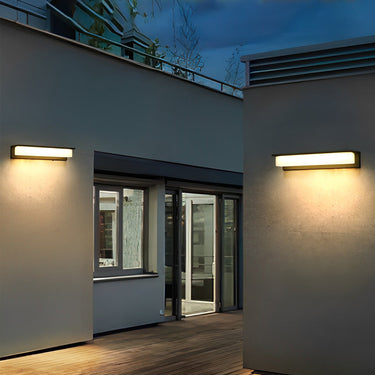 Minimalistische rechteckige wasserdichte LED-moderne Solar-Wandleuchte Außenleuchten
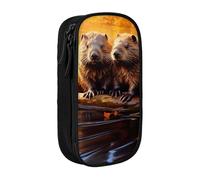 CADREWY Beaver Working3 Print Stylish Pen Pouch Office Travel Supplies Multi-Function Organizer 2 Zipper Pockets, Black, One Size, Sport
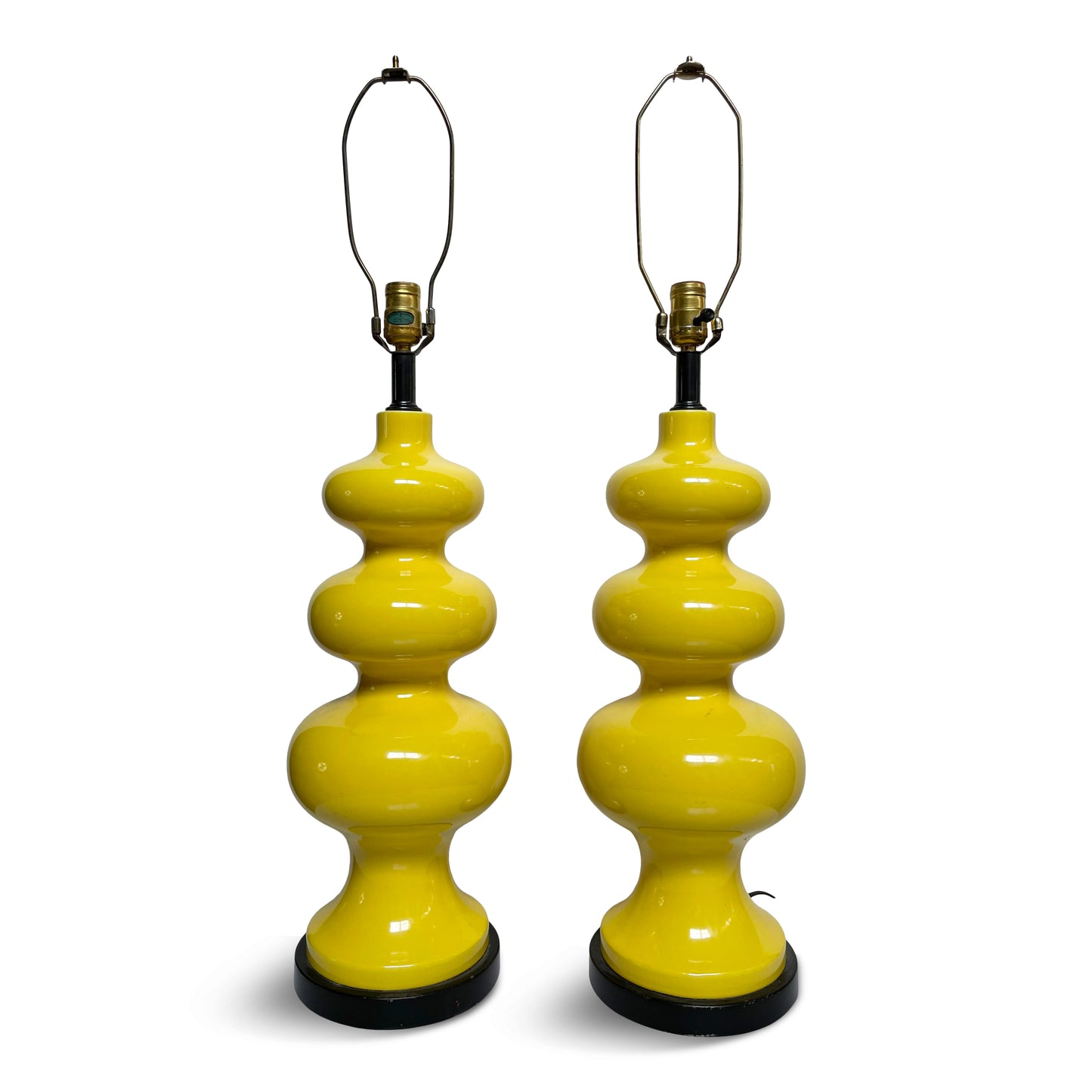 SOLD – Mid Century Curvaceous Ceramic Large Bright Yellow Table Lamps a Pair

■ ■ ■

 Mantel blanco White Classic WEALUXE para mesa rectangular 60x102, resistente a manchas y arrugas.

■ ■ ■

Leaving each picture behind, please give again exactly the lines above from the one with "Minimalistische rechteckige wasserdichte" through the one with "SOLD – Mid Century", both included, and no others.

 Minimalistische rechteckige wasserdichte LED-moderne Solar-Wandleuchte Außenleuchten
 CADREWY Beaver Working3 Print Stylish Pen Pouch Office Travel Supplies Multi-Function Organizer 2 Zipper Pockets, Black, One Size, Sport
 SOLD – Mid Century Curvaceous Ceramic Large Bright Yellow Table Lamps a Pair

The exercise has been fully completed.